■ Work instructions: Please return all records verbatim, no pictures.

(Beginning of Information shown)

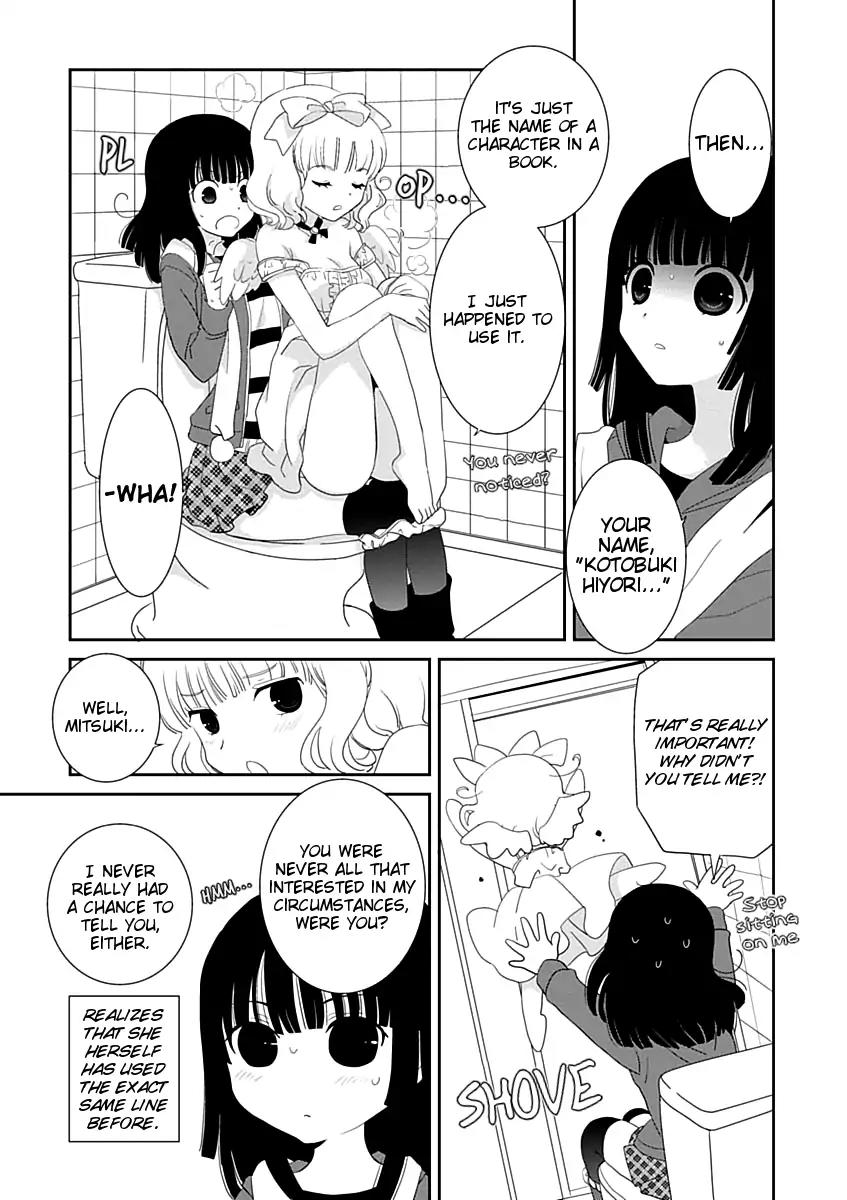 Saikin, Imouto No Yousu Ga Chotto Okashii N Da Ga. Chapter 18 #15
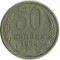 50 ������, 1979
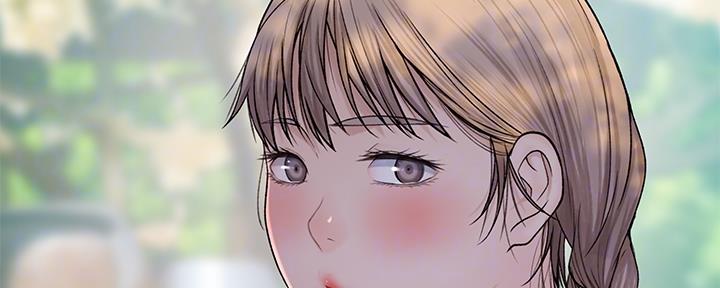 《我们的戏剧关系》第88话 第15页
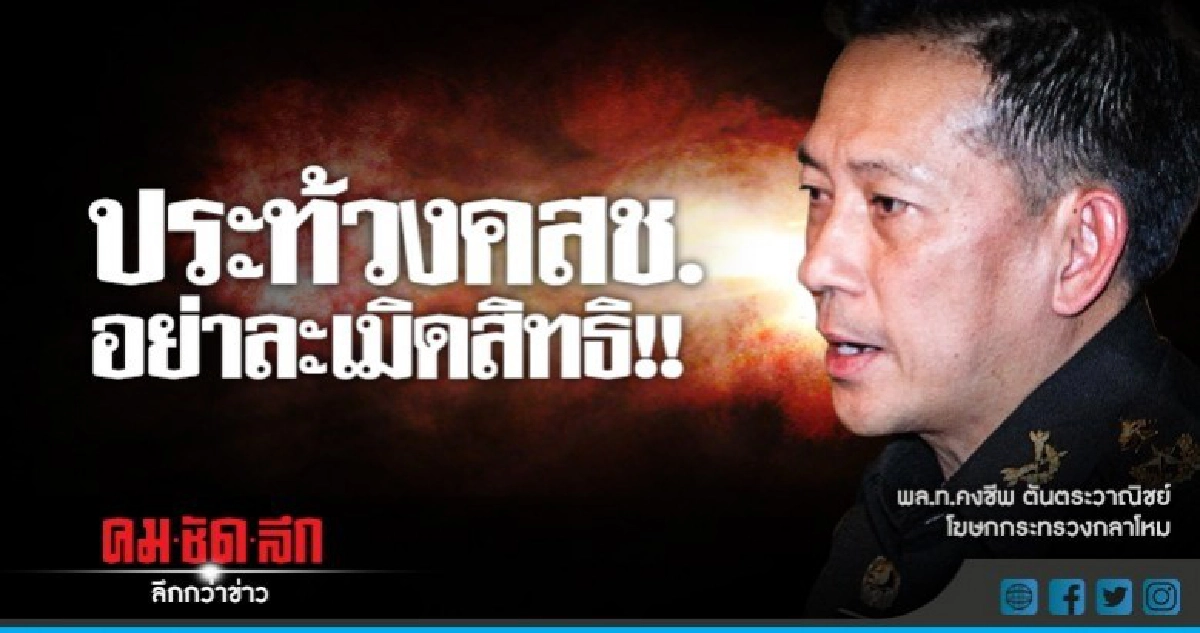 คสช.มอนิเตอร์การเมืองหลังโผล่ประท้วง ฮึ่ม ! อย่าละเมิด คสช.มอนิเตอร์การเมืองหลังโผล่ประท้วง ฮึ่ม ! อย่าละเมิด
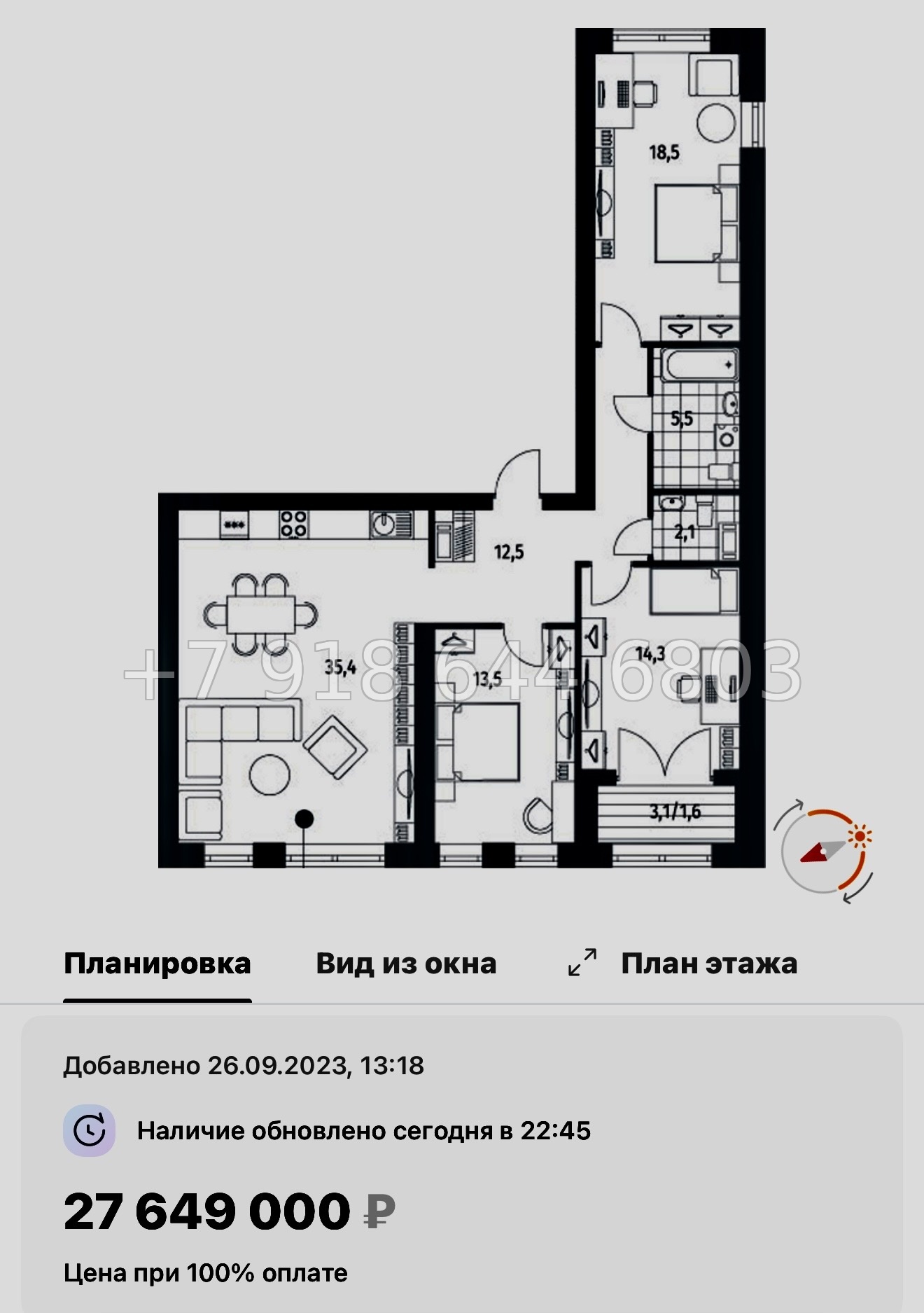 № 53 ы.(СДАН) Метро Академическая. Метро Политехническая. Метро Удельная. ЖК Наука Санкт Петербург  - миниатюра 66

(End of Information shown)

■ Result of this exercise:
 Saikin, Imouto No Yousu Ga Chotto Okashii N Da Ga. Chapter 18 #15
 50 ������, 1979
 《我们的戏剧关系》第88话 第15页
 คสช.มอนิเตอร์การเมืองหลังโผล่ประท้วง ฮึ่ม ! อย่าละเมิด คสช.มอนิเตอร์การเมืองหลังโผล่ประท้วง ฮึ่ม ! อย่าละเมิด
 № 53 ы.(СДАН) Метро Академическая. Метро Политехническая. Метро Удельная. ЖК Наука Санкт Петербург  - миниатюра 66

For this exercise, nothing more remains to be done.